Two of the five first-line ARVs included in the FDC treatment manufactured by TPI, 3TC and NVP, were patented in Tanzania but both expired in 2001 under the 10 year patent term. Consequently, the manufacturing of this ARV does not contravene the Tanzania Patent Act or the TRIPS Agreement. Though Tanzania can be seen as exercising the 2016 transition period, the use of the TRIPS flexibilities is not part of a legislative framework. Although the MoHSW is in support of such a change, other agencies aim to enact change in the other direction.

Technology transfer arrangement

Though originally state-owned, TPI was partially privatized in 1997. Currently, 40% of its shares are held by the government and 60% by Tanzanian entrepreneurs.

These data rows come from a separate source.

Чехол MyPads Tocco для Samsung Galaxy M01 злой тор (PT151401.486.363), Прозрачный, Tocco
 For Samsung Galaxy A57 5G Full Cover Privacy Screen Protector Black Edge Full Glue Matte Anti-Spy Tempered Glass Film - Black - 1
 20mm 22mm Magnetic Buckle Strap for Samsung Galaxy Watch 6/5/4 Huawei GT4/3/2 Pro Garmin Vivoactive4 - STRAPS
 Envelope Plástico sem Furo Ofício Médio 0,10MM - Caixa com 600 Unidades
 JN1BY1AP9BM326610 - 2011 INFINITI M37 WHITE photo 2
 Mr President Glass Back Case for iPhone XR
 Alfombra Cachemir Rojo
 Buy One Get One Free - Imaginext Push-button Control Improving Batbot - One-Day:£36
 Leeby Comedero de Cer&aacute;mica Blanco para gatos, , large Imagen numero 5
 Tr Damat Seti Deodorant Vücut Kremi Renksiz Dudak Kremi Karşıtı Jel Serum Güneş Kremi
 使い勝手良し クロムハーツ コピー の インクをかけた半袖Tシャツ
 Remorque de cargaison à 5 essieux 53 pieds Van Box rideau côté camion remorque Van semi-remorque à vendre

The WHO does not promote government-led local production, encouraging them to focus on regulatory mechanisms [15]. The perception of the capacity of state-owned pharmaceutical firms, however, varied across informants. Some pointed to a lack of transparency, corruption, poor management, and bureaucracy that create inefficiencies within the industry. In fact, the Global Competitiveness Report 2008/2009 named corruption as one of the most problematic factors for doing business in Tanzania [36]. This may deter private investors who believe that a government share in TPI increases bureaucratic procedures and reduces transparency.

Still others expressed a positive view of government-sponsored industry. Within its grant application to the European Commission, Action Medeor emphasized the sustainability of the technology transfer initiative given TPI’s status as an enterprise with government shareholders that support the project as part of its responsibility and operations. An informant at the European Commission acknowledged that more government involvement and support may have enhanced TPI’s grant application as it assured the country’s commitment to address HIV/AIDS and improve sustainability of supply. Although, as mentioned earlier, domestic manufacturing does not necessarily lead to greater sustainability.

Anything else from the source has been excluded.